The Self-Sampling Assumption
The self-sampling assumption (SSA) relies on the insight that Sleeping Beauty, before being put to sleep on Sunday, expects that she will be awakened in future. Thus her awakening grants her no extra information, and she should continue to give the same credence to the coin flip being heads as she did before, namely 1/2.
In the case where the coin is tails, there will be two copies of Sleeping Beauty, one on Monday and one on Tuesday, and she will not be able to tell, upon awakening, which copy she is. She should assume that both are equally likely. This leads to SSA:
- All other things being equal, an observer should reason as if they are randomly selected from the set of all actually existent observers (past, present and future) in their reference class.
There are some issues with the concept of 'reference class', but here it is enough to set the reference class to be the set of all other Sleeping Beauties woken up in the experiment.
Given this, the probability calculations become straightforward:
- PSSA(Heads) = 1/2
- PSSA(Tails) = 1/2
- PSSA(Monday|Heads) = 1
- PSSA(Tuesday|Head) = 0
- PSSA(Monday|Tails) = 1/2
- PSSA(Tuesday|Tails) = 1/2
By Bayes' theorem, these imply that:
- PSSA(Monday) = 3/4
- PSSA(Tuesday) = 1/4
The Self-Indication Assumption
There is another common way of doing anthropic probability, namely to use the self-indication assumption (SIA). This derives from the insight that being woken up on Monday after a heads, being woken up on Monday after a tails, and being woken up on Tuesday are all subjectively indistinguishable events, which each have a probability 1/2 of happening, therefore we should consider them equally probable. This is formalised as:
- All other things being equal, an observer should reason as if they are randomly selected from the set of all possible observers.
Note that this definition of SIA is slightly different from that used by Bostrom; what we would call SIA he designated as the combined SIA+SSA. We shall stick with the definition above, however, as it is coming into general use. Note that there is no mention of reference classes, as one of the great advantages of SIA is that any reference class will do, as long as it contains the observers in question.
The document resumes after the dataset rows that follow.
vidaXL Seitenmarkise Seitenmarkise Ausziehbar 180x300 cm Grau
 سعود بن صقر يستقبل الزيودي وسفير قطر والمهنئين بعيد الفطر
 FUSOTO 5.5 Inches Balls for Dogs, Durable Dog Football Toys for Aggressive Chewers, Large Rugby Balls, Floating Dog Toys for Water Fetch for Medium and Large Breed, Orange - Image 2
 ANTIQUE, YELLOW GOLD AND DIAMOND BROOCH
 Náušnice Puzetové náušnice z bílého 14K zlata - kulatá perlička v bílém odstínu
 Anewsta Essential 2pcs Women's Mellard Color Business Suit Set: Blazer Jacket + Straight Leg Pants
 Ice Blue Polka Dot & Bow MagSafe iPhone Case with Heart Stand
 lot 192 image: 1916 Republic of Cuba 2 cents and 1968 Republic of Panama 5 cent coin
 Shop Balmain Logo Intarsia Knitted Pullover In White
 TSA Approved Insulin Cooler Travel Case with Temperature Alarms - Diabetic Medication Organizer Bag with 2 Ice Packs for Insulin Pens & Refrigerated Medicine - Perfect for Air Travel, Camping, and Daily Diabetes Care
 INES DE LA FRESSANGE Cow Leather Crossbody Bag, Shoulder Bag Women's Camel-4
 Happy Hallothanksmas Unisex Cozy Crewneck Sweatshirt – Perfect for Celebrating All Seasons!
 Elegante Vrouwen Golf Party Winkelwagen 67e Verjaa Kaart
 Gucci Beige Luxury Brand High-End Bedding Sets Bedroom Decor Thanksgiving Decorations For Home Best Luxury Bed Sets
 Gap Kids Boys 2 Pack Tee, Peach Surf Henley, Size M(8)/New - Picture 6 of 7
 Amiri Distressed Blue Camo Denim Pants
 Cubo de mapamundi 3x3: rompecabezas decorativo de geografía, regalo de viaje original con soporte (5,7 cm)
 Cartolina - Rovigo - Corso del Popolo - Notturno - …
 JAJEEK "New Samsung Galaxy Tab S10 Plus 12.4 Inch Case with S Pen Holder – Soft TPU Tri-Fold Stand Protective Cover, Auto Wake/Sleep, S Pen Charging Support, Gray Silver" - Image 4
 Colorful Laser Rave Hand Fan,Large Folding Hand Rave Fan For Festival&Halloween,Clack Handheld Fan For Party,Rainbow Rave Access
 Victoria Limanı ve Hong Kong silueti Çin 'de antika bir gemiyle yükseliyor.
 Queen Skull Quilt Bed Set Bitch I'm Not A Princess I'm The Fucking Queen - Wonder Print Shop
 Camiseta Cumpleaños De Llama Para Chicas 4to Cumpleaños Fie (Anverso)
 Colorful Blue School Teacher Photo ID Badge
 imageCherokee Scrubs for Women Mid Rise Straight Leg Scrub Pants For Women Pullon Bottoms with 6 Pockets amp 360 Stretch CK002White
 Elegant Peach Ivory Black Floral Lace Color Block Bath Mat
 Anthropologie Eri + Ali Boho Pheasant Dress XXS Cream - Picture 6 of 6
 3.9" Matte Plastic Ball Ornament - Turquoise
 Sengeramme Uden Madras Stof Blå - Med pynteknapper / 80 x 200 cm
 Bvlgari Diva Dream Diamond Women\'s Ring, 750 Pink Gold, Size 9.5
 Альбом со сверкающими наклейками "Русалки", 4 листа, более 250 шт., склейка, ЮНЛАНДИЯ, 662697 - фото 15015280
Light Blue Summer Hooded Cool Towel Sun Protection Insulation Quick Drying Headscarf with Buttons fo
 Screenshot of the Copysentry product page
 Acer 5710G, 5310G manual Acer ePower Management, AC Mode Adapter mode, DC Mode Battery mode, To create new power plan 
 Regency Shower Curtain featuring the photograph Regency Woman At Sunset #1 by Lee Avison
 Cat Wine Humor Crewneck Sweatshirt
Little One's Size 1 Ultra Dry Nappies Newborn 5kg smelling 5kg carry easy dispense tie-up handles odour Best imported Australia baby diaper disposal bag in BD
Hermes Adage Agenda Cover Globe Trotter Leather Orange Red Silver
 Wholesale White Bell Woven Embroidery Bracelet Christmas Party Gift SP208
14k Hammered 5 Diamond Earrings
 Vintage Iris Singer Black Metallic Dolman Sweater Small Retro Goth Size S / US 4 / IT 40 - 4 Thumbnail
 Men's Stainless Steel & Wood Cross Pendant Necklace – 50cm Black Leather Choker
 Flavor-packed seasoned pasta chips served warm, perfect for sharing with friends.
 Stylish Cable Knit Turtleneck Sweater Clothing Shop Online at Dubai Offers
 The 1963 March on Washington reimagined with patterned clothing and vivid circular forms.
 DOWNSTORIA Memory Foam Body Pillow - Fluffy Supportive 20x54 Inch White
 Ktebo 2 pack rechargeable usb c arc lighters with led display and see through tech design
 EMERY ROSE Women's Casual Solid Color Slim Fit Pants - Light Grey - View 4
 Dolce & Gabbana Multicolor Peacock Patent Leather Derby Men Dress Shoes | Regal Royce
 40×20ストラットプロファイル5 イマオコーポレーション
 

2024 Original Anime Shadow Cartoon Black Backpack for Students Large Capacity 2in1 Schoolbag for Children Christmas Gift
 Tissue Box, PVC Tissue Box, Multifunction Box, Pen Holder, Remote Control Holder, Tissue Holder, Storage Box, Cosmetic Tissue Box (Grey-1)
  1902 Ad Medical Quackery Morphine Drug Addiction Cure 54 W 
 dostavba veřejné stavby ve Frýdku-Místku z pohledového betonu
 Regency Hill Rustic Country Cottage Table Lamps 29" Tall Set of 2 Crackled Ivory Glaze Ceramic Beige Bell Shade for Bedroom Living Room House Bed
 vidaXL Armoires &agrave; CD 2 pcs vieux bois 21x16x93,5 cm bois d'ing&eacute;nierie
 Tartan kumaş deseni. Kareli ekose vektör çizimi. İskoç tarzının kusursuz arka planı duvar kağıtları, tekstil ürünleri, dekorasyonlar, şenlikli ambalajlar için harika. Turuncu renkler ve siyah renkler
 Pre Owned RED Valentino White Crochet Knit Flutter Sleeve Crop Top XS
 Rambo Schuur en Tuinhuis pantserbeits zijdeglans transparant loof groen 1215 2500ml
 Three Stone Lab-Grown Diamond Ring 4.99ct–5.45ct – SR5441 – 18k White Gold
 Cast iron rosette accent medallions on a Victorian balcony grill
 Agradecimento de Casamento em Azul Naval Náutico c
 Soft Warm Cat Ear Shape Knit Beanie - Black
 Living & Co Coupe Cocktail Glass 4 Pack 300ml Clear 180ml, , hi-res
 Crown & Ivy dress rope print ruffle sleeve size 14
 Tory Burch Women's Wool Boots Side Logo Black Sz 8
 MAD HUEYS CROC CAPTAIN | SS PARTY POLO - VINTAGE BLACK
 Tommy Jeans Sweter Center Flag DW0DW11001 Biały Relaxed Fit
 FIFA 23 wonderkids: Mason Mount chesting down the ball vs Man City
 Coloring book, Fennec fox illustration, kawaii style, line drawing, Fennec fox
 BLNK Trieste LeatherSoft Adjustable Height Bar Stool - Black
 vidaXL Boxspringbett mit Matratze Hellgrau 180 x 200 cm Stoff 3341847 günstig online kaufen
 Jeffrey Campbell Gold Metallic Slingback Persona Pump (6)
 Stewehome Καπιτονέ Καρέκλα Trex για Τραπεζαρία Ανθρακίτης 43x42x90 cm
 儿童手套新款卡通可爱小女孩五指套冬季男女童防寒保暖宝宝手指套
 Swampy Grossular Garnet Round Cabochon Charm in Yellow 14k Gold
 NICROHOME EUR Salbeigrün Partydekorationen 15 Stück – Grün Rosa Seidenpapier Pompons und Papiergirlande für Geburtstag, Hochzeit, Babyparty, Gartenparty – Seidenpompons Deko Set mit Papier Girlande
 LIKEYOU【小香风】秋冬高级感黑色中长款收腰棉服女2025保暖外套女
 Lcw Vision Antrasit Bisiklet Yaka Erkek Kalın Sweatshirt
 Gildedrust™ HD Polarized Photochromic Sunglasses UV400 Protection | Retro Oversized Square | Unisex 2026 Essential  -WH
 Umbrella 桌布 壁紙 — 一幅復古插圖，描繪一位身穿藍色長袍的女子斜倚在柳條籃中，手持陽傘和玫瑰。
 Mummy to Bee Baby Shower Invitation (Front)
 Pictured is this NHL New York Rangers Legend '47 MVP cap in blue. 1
Given SIA, the three following observer situations are equiprobable (each has an 'objective' probability 1/2 of happening), and hence SIA gives them equal probabilities of 1/3:
- PSIA(Monday ∩ Heads) = 1/3
- PSIA(Monday ∩ Tails) = 1/3
- PSIA(Tuesday ∩ Tails) = 1/3
This allows us to compute the probabilities:
- PSIA(Monday) = 2/3
- PSIA(Tuesday) = 1/3
- PSIA(Heads) = 1/3
- PSIA(Tails) = 2/3
SIA and SSA are sometimes referred to as the thirder and halfer positions respectively, referring to the probability they give for Heads.
Ok, let's skew the odds a little, and have the coin have 4/7 probability of being heads (SSA agrees). The SIA probabilities are now 4/10 of being heads. You run the simulations 700 times, getting (on average) 400 experiments with only Monday awakening, and 300 with awakenings on both Monday and Tuesday.
You then ask the sleeping beauties to guess what the coin was. Suppose they guess tails, following SIA odds.
We can then ask: how often did Sleeping Beauty guess right? Well, there were 300x2=600 copies that guessed right, and 400 that guessed wrong, as in your example. SIA is the way to go.
But now suppose the question is: in how many simulations did Sleeping Beauty guess right? Well, she guessed right only in 300 simulations, and guessed wrong in 400. So for this criteria, SSA is the way to go.
OK, so the difference is in how you count: SB instances (skewed toward tails) vs simulation instances. Now, when would the latter matter? For example, if a correct guess of day+coin would let the lucky SB stay awake, the SIA is clearly better.
In what scenario would choosing the SSA let the poor girl be less doomed?
P.S. I have calculated the probabilities for skewed odds, and if the probability of heads is p:
Monday (heads): p, Monday (tails): (1-p)/2, Tuesday: (1-p)/2 for SSA
Monday (heads): p/(2-p), Monday (tails): (1-p)/(2-p), Tuesday: (1-p)/(2-p) for SIA
Hope this matches your calculations.